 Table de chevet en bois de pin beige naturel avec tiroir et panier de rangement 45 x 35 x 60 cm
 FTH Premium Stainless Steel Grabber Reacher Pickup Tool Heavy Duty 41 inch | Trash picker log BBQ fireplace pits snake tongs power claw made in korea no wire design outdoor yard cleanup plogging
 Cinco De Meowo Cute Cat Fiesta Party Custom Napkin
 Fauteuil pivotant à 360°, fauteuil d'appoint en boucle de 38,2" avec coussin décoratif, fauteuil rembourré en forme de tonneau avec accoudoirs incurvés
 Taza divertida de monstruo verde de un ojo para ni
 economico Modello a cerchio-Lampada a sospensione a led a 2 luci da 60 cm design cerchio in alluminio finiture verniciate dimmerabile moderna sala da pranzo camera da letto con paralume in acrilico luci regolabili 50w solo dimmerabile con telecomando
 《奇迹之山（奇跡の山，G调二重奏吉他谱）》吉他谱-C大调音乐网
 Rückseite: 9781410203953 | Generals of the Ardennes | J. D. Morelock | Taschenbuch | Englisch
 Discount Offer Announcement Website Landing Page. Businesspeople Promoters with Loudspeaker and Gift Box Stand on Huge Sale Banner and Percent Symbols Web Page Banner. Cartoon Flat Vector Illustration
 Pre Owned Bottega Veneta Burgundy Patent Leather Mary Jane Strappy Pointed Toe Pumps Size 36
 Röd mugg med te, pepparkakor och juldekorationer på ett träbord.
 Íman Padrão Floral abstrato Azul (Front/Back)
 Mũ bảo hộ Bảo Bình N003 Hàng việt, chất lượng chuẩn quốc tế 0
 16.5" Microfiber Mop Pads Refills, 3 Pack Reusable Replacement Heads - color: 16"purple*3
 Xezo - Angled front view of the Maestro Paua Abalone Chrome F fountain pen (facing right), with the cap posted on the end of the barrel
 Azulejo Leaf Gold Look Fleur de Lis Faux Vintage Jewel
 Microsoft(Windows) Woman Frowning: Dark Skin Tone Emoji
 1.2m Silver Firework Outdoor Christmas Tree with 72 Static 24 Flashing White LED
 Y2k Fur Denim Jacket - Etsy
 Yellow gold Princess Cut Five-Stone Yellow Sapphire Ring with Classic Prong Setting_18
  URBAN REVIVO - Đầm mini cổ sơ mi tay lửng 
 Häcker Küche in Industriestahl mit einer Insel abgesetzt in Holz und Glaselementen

----

# TASK DETAILS
Print the data word for word.

# WRITTEN REPLY
 Table de chevet en bois de pin beige naturel avec tiroir et panier de rangement 45 x 35 x 60 cm
 FTH Premium Stainless Steel Grabber Reacher Pickup Tool Heavy Duty 41 inch | Trash picker log BBQ fireplace pits snake tongs power claw made in korea no wire design outdoor yard cleanup plogging
 Cinco De Meowo Cute Cat Fiesta Party Custom Napkin
 Fauteuil pivotant à 360°, fauteuil d'appoint en boucle de 38,2" avec coussin décoratif, fauteuil rembourré en forme de tonneau avec accoudoirs incurvés
 Taza divertida de monstruo verde de un ojo para ni
 economico Modello a cerchio-Lampada a sospensione a led a 2 luci da 60 cm design cerchio in alluminio finiture verniciate dimmerabile moderna sala da pranzo camera da letto con paralume in acrilico luci regolabili 50w solo dimmerabile con telecomando
 《奇迹之山（奇跡の山，G调二重奏吉他谱）》吉他谱-C大调音乐网
 Rückseite: 9781410203953 | Generals of the Ardennes | J. D. Morelock | Taschenbuch | Englisch
 Discount Offer Announcement Website Landing Page. Businesspeople Promoters with Loudspeaker and Gift Box Stand on Huge Sale Banner and Percent Symbols Web Page Banner. Cartoon Flat Vector Illustration
 Pre Owned Bottega Veneta Burgundy Patent Leather Mary Jane Strappy Pointed Toe Pumps Size 36
 Röd mugg med te, pepparkakor och juldekorationer på ett träbord.
 Íman Padrão Floral abstrato Azul (Front/Back)
 Mũ bảo hộ Bảo Bình N003 Hàng việt, chất lượng chuẩn quốc tế 0
 16.5" Microfiber Mop Pads Refills, 3 Pack Reusable Replacement Heads - color: 16"purple*3
 Xezo - Angled front view of the Maestro Paua Abalone Chrome F fountain pen (facing right), with the cap posted on the end of the barrel
 Azulejo Leaf Gold Look Fleur de Lis Faux Vintage Jewel
 Microsoft(Windows) Woman Frowning: Dark Skin Tone Emoji
 1.2m Silver Firework Outdoor Christmas Tree with 72 Static 24 Flashing White LED
 Y2k Fur Denim Jacket - Etsy
 Yellow gold Princess Cut Five-Stone Yellow Sapphire Ring with Classic Prong Setting_18
  URBAN REVIVO - Đầm mini cổ sơ mi tay lửng 
 Häcker Küche in Industriestahl mit einer Insel abgesetzt in Holz und Glaselementen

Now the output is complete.